Despite not seeing it, I knew instantly what it was. I can’t convey the visceral terror that I felt at that moment. I went from being the least athletic to the most as I ran for my life. The wasps, meanwhile, hastily convened a meeting to discuss how to redress such a gross violation of their sovereignty and decided to do what wasps do. I was right to run.
As one of them reached me and stung my arm, I fell to the ground, screaming as much from terror as from pain. And I knew with a dead certainty that the wasps would be swarming over me, stinging me again and again. What happened was far worse.
The younger McCloud had also vaulted the fence. He ran up and kicked me, screaming “you’re it” as he ran off. It was not a good day.

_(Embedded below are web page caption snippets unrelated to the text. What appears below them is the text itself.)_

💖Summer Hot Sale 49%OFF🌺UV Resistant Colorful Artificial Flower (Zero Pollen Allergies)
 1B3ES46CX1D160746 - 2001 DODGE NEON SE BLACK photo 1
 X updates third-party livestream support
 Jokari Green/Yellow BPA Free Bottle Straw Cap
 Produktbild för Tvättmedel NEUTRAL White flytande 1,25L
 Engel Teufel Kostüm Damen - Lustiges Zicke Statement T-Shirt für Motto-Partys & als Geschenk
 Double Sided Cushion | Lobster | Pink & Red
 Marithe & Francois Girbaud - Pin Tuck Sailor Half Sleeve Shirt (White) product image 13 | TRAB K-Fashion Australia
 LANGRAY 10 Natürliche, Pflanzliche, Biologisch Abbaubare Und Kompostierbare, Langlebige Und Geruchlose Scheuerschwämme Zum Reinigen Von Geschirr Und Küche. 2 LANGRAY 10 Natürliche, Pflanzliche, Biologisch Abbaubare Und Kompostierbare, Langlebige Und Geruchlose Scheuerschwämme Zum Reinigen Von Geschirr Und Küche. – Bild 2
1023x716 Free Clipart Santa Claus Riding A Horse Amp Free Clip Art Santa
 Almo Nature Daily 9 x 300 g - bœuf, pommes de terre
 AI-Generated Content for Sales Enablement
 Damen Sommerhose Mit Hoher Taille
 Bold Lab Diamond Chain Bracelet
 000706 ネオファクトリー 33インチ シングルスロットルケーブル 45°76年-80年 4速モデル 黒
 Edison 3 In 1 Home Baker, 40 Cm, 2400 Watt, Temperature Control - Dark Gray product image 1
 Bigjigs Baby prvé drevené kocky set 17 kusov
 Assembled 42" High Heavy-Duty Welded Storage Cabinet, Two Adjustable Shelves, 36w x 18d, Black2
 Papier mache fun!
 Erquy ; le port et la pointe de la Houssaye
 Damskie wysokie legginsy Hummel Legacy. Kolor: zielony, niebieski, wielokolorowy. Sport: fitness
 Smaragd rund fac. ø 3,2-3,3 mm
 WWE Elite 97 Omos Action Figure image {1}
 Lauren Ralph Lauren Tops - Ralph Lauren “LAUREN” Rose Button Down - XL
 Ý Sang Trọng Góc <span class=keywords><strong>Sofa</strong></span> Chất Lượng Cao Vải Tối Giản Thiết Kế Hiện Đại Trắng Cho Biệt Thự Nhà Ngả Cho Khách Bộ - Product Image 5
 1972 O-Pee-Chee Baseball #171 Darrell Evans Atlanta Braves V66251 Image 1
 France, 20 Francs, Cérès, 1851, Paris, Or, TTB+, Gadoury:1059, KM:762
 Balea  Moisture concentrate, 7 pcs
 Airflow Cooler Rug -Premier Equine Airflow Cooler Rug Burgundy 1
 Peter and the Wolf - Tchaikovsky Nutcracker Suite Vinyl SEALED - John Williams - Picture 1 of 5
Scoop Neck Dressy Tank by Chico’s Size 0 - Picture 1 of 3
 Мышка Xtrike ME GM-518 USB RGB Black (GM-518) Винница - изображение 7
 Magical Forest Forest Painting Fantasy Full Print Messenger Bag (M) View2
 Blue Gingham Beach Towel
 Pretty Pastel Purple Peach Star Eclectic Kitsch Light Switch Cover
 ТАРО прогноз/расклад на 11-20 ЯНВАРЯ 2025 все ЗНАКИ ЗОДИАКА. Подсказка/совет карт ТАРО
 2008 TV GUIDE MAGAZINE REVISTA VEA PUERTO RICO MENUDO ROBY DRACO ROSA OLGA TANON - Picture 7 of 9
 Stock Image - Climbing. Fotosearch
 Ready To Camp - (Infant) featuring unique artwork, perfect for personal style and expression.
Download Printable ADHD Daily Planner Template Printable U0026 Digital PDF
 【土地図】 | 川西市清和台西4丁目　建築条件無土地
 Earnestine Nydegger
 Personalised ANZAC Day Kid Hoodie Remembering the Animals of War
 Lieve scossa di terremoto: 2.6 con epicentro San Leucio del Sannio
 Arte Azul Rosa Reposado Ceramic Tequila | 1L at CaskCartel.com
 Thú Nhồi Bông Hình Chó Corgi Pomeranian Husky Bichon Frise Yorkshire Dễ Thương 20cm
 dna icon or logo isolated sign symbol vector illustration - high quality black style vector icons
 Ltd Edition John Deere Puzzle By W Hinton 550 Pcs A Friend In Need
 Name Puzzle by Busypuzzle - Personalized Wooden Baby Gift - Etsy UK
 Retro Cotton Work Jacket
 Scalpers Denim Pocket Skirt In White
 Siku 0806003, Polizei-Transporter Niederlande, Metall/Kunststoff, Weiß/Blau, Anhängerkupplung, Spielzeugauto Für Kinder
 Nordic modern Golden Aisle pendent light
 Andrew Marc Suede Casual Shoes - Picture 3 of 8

If memory serves (and being almost five decades ago, it most certainly does not), I was only stung once, but that, and feeling the wasp nest crush under my hand, was enough to instill a deep, lifelong terror of them.
Fast forward a few years and I was spending summers on Alvin Wittig’s farm. He was a close friend of my mother and Alvin and his father were happy to have me spend a few weeks there. I’d read decades-old copies of Reader’s Digest that his father kept on a bookshelf, sometimes marveling that an article written in the 1950s would be reprinted decades later, but with a new author’s name and the dates and times updated. I’d help Alvin herd cattle. I’d mess around in his tool shop. I’d ride a demon creature from Hell, a pony named Queeny, he had rescued from a family that treated it poorly. To this day, I’m sure science has equines wrong. They’re actually hivemind creatures, all of them networked together to communicate a shared desire to kill me. Queeny used to cheerfully do a “stop-drop-and-roll” in rocky fields if I tried to ride her. She’d buck and jump and rub against trees to get me off her. Alvin laughed.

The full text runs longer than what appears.